The Blackhawks‘ otherwise shoddy defense catches up with them on the penalty kill, where their 77.1% success rate ties for fourth-worst in the league. Hjalmarsson continues to be a stud when his club is down a man, as his 34 shorthanded blocks nearly double the total of second-place Brent Seabrook‘s, but they are the only two players with more than a dozen penalty kill blocks to their credit. I wouldn’t be surprised if Stan Bowman makes a move for another blueliner before the fast-approaching trade deadline.

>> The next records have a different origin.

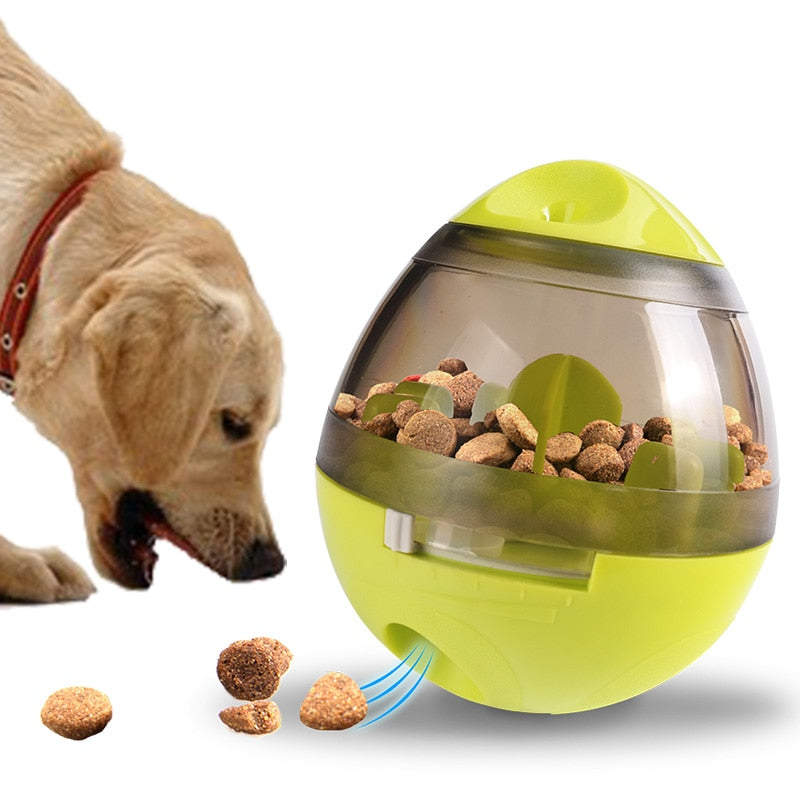 interactive pet toy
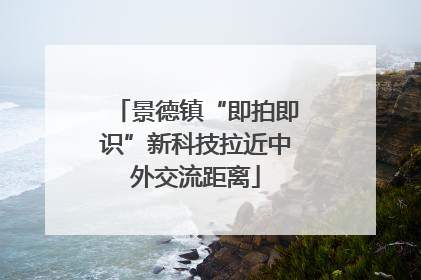景德镇“即拍即识”新科技拉近中外交流距离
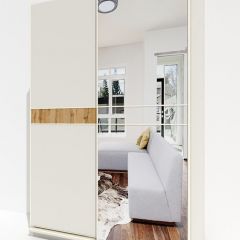 Шкаф-купе 1600 серии SOFT D6+D4+B2+PL2 (2 ящика+1штанга+1 полка) профиль «Капучино» в Камышлове - kamyshlov.mebel24.online | фото 2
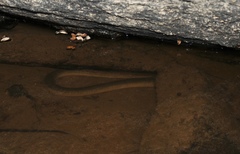 Synbranchus marmoratus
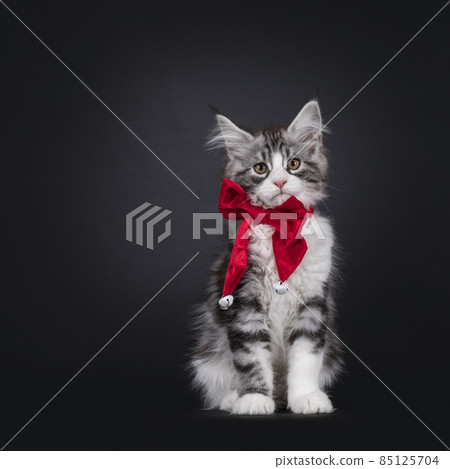 Maine Coon with bow tie on black background Maine Coon with bow tie on black background 85125704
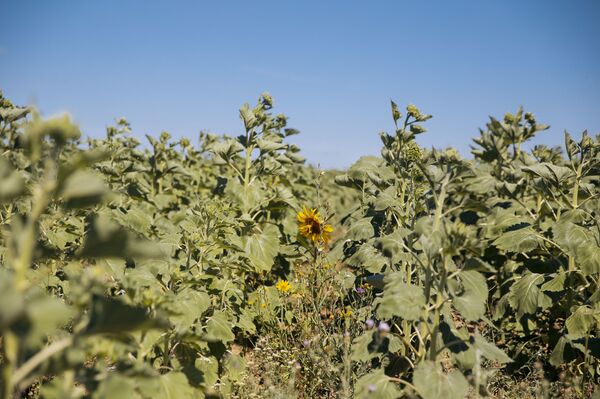 Продавцы семечек на Центральном рынке Кишинева: урожай этого года слабый Продавцы семечек на Центральном рынке Кишинева: урожай этого года слабый - Sputnik Молдова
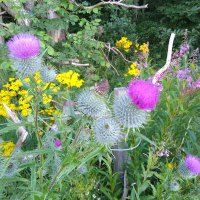 Irene Douglas (@purplepansy64) 's Twitter Profile Photo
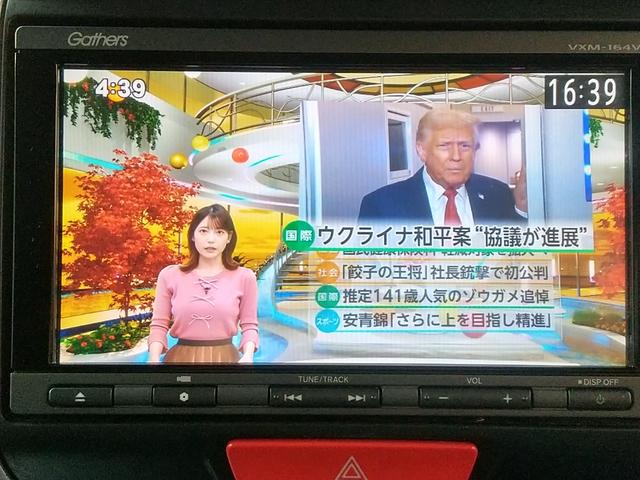 Ｎ－ＢＯＸカスタム Ｇ・Ｌパッケージ　左リアドア電動　リア席スライド・サンシェード　ナビ・ＴＶ・バックカメラ・ＥＴＣ（ナビ連動）　プラズマクラスターオートエアコン　アレルクリーンシート　運転席シートハイトアジャスターＵＶ・ＩＲカットガラス（16枚目）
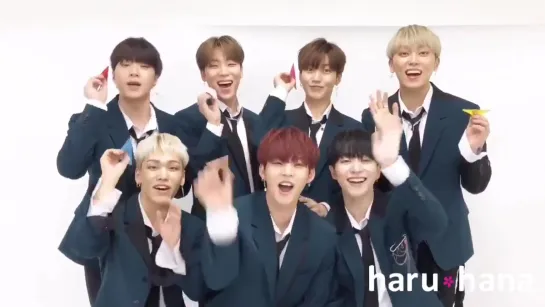 190510 • haruhana_tvg twitter update • ONF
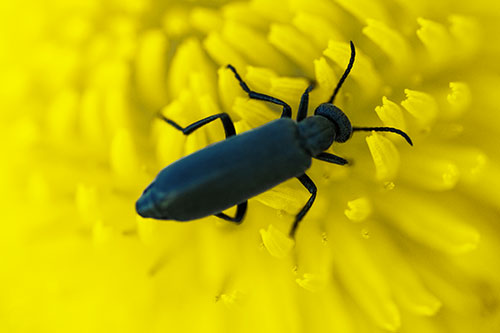 Crawling Oedemera Beetle Searching Atop Dandelion (Yellow Tint)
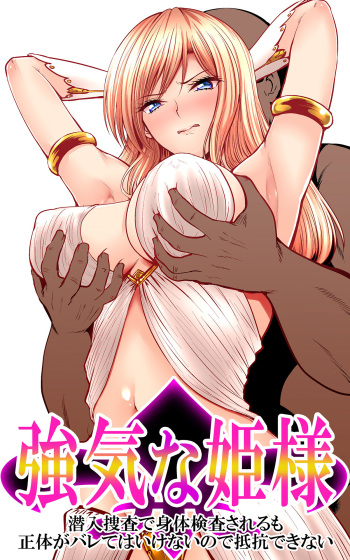 [Kasuterura (Shima Syu)] Tsuyoki na Hime-sama - Sennyuu Sousa de Shintai Kensa Sareru mo Shoutai ga Barete wa Ikenai node Teikou Dekinai cover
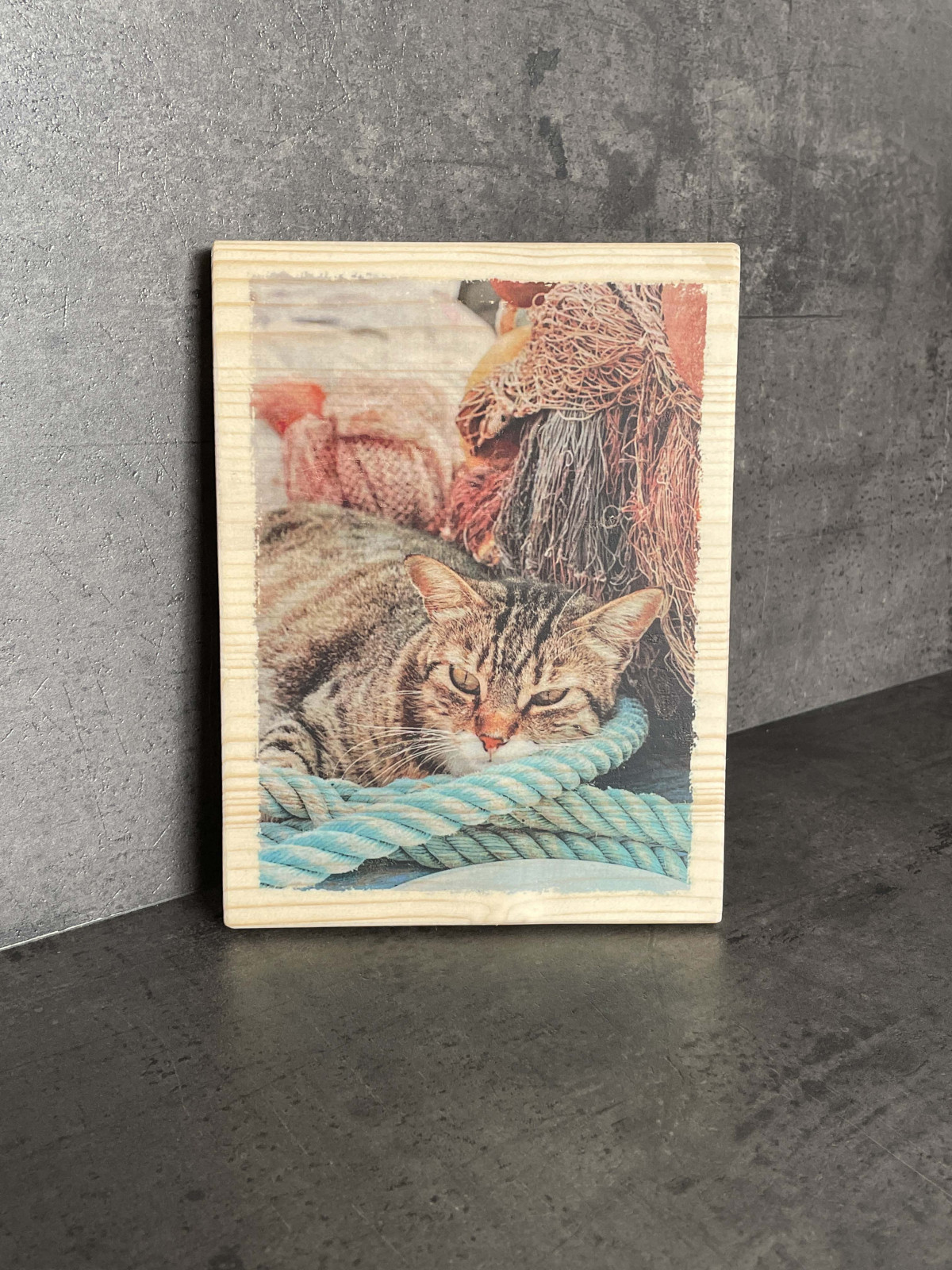 Photo sur bois chat dans les filets 15x20cm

Playing host this evening are the 39-13-6 Wild, the second-best team in the NHL and best in the West. Winners of their past two games, Minnesota seems dead-set on eclipsing the 48-26-8 mark set by the 2006-07 team, and all signs are pointing towards them doing just that. Of course, they’ll also have intentions of getting past the Western Quarterfinals where that team fell, but that’s a bridge they’ll cross when they get to it.

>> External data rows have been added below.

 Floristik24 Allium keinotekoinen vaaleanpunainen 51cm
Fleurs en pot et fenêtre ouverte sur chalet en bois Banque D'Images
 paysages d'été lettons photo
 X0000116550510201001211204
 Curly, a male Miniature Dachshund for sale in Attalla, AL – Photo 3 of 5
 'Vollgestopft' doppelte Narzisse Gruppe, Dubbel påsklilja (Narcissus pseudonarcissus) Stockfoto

In the meantime, Minnesota will continue to play the stellar defensive hockey that has gotten it to this point. Spearheading that effort is 32-10-3 Devan Dubnyk. That impressive record is no mistake, as his .934 save percentage and 1.97 GAA are both tops in the league.

Dubnyk’s play is made only more impressive by the fact that he has a below average defense playing in front of him. Even with Jared Spurgeon‘s team-leading 106 shot blocks, the Wild still allow 30.9 shots-against-per-game, which ties for 10th-worst in the NHL.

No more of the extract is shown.